To ask something of another—the way that we do in English, as a single word of entreaty added at the end of a request—you must offer them your love. I tell you this when the light is pinkening through your window. I chew on my nail. Everything is fresh and pulsing like a wound exposed. Still wet. Still throbbing. You barely look at me.

/though how selfish it is that I want you to look at me, to look at me, please, please, see me/

You wonder what kind of favor would warrant that type of begging of someone; you wonder how desperate you would need to be to offer up that much of yourself to another at a moment’s notice. Because you have never given parts of yourself away before. But I tell you that it would be much easier than you think. I tell you that love has always been an act of begging.

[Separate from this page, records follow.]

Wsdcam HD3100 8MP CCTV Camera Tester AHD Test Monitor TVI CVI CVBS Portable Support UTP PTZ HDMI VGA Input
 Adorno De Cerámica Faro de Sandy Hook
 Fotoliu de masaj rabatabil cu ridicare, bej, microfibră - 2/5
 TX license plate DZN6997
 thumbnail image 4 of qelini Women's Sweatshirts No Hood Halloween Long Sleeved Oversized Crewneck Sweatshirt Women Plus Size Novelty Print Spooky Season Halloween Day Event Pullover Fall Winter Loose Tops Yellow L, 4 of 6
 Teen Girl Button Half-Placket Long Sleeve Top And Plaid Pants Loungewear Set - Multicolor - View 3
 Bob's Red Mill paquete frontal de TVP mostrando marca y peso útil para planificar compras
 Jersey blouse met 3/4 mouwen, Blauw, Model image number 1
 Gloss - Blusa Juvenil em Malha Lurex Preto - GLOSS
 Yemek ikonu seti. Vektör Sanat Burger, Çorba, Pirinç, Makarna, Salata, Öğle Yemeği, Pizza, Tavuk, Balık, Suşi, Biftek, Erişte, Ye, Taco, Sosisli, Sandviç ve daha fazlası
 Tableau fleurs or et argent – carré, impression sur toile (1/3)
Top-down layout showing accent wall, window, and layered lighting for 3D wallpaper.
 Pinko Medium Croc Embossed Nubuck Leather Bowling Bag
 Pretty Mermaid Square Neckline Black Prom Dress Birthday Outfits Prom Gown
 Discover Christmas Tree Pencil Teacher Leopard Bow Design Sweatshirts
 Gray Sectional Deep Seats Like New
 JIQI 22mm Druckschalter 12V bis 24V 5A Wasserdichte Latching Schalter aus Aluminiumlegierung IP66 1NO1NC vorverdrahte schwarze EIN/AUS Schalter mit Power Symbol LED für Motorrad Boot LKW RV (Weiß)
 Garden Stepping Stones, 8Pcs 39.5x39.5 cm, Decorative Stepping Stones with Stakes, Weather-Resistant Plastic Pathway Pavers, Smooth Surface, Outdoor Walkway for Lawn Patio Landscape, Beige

/though maybe, again, I’m being presumptuous, as I only have us to base ideas of love on/

Love is always a form of begging, I tell you again, because you never hear me if I say something once. I’ve gotten used to speaking in doubles.

The phrase amabo te can only be used in the singular, never made into the plural—you would never offer your love to more than one, amabo vos was non-existent in classical Latin. To plead is a conversation between only two, intimate like the insides of medicine cabinets. As whispers passed between bottoms of pill bottles.

/though many find it easy to love more than one at the same time, with a breadth wide and unending; unconditional/

When I tell you this, the nail I’m chewing rips unevenly. Leaving a thin transparence, a remaining piece of something once whole. You hum, preoccupied with other things more interesting than my erroneous etymology. Anything to you would be more interesting than my false science.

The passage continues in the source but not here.